BEGIN Data listing

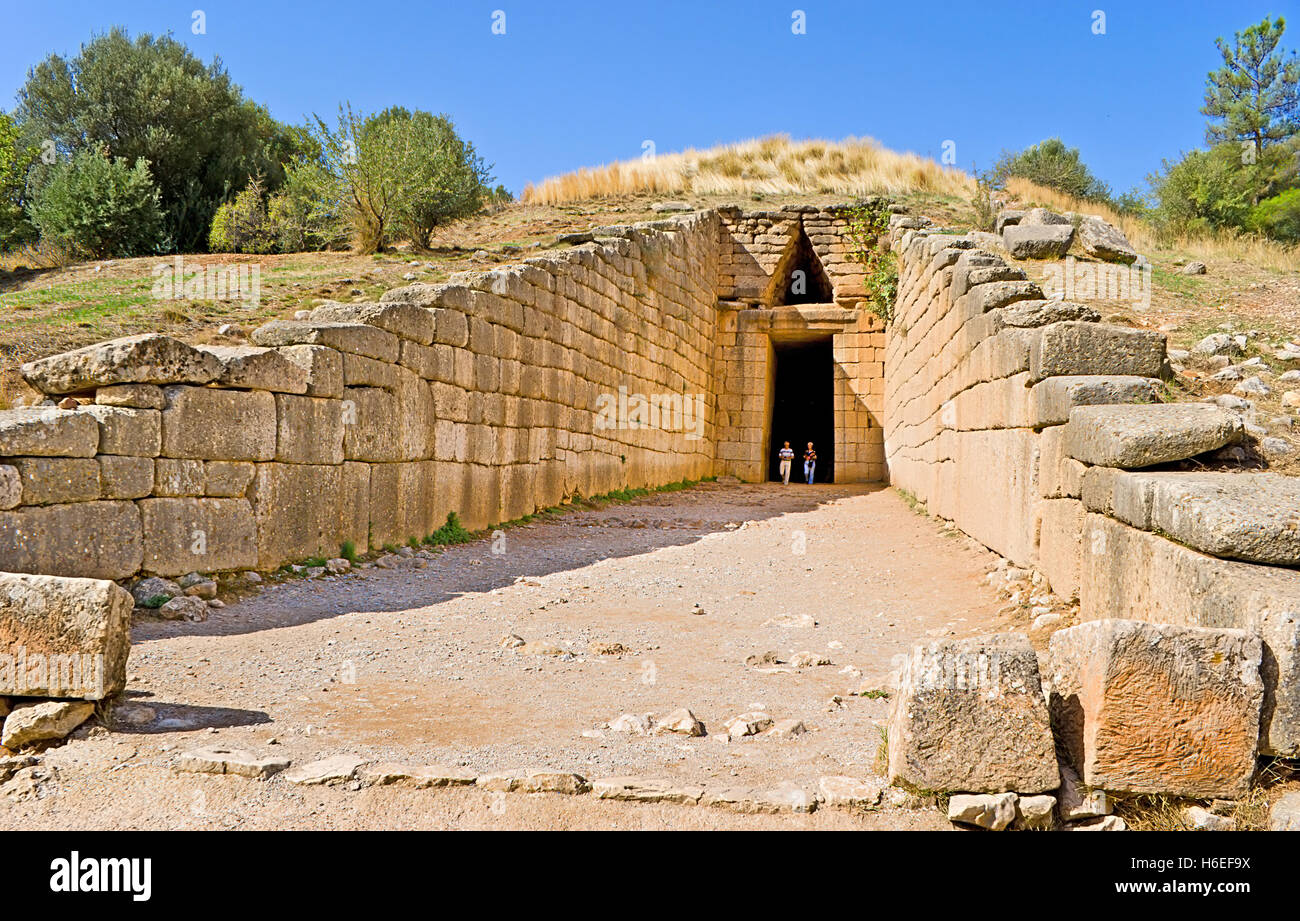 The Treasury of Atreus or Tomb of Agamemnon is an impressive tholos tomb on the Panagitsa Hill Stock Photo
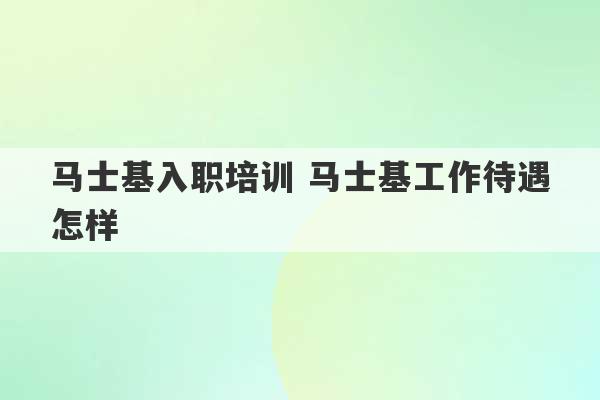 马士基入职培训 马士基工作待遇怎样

END Data listing
BEGIN Data listing

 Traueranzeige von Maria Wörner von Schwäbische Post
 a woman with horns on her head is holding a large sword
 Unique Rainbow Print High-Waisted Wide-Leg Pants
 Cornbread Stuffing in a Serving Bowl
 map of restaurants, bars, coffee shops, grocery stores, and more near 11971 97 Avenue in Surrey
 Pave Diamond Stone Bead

END Data listing
BEGIN Data listing

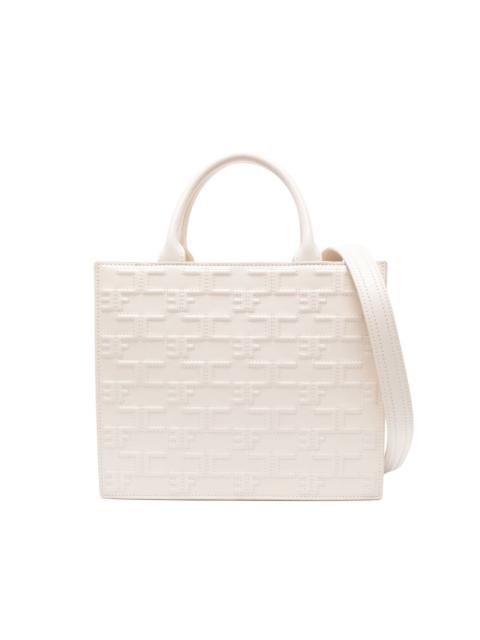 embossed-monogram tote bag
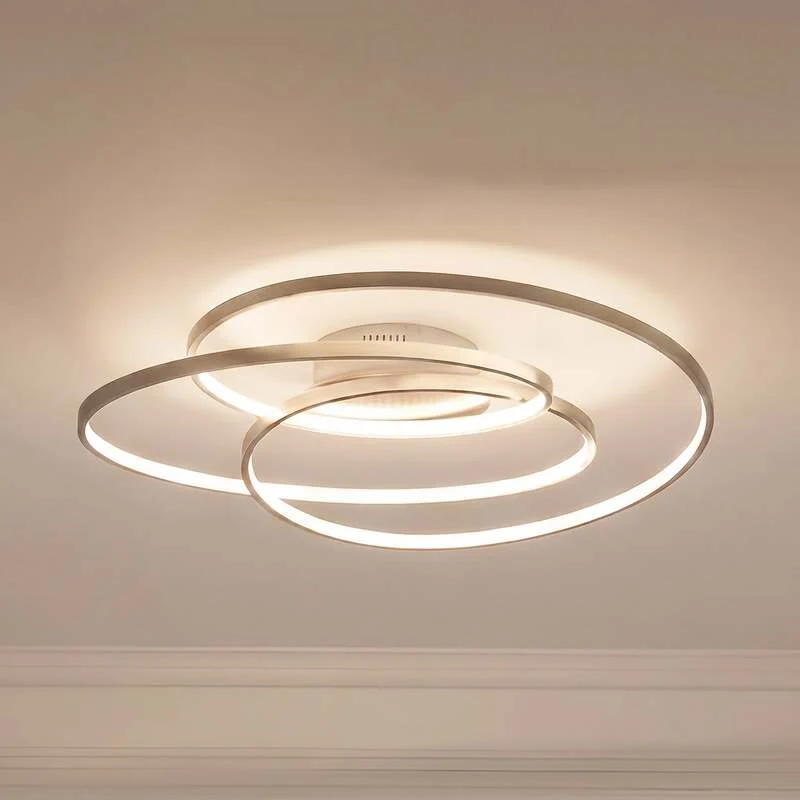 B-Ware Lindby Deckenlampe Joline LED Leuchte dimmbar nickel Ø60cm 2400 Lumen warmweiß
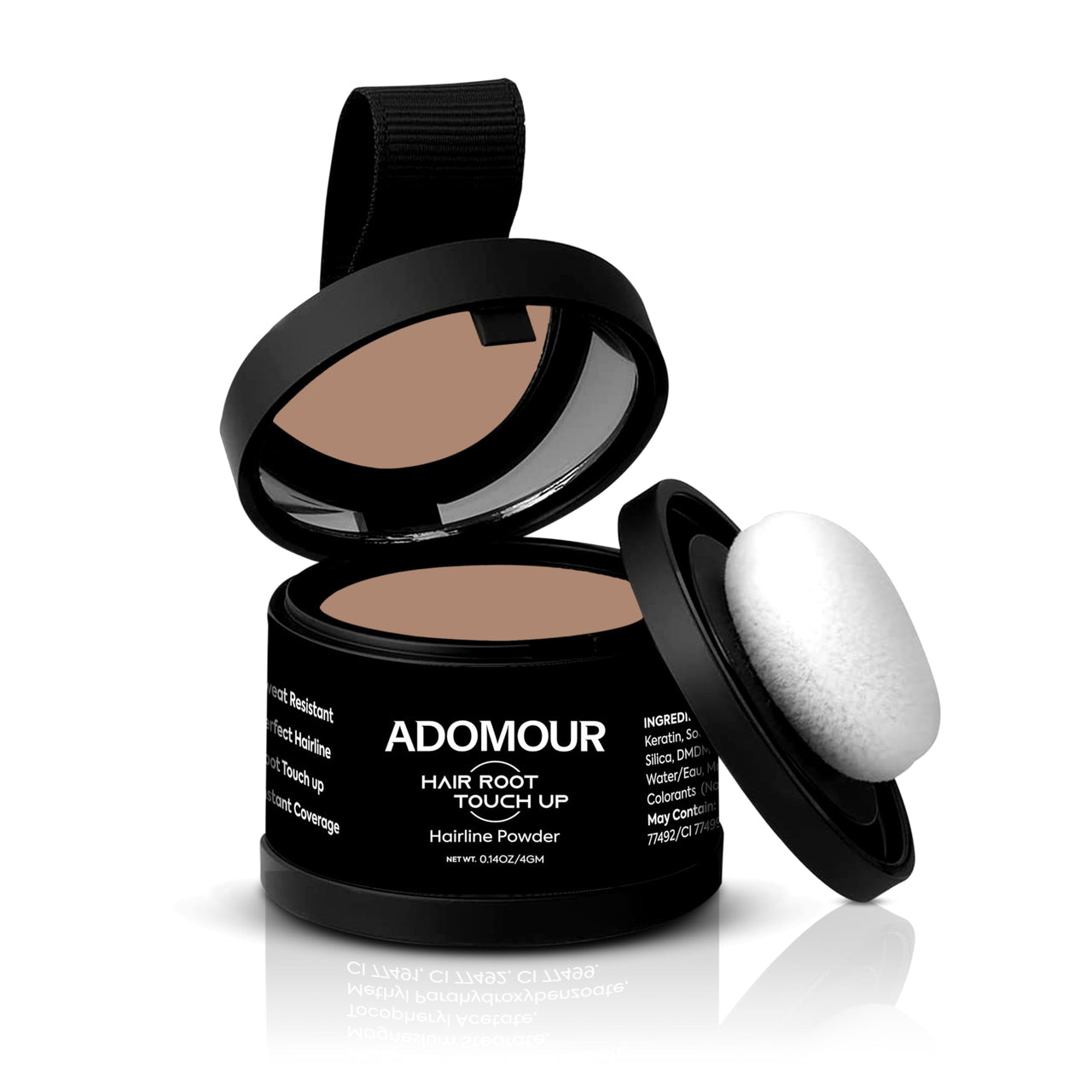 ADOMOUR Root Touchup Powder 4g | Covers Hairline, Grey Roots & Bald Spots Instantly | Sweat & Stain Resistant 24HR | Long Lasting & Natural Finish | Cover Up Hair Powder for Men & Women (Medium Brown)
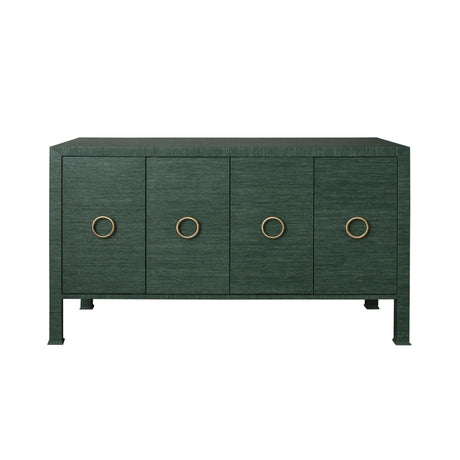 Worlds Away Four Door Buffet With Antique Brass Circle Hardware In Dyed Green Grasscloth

END Data listing

| Required action |
Within the listing above, give again exactly every line from the line with "a woman with" through the line with "Pave Diamond Stone Bead", both included, and no other line.

| Exercise result |
 a woman with horns on her head is holding a large sword
 Unique Rainbow Print High-Waisted Wide-Leg Pants
 Cornbread Stuffing in a Serving Bowl
 map of restaurants, bars, coffee shops, grocery stores, and more near 11971 97 Avenue in Surrey
 Pave Diamond Stone Bead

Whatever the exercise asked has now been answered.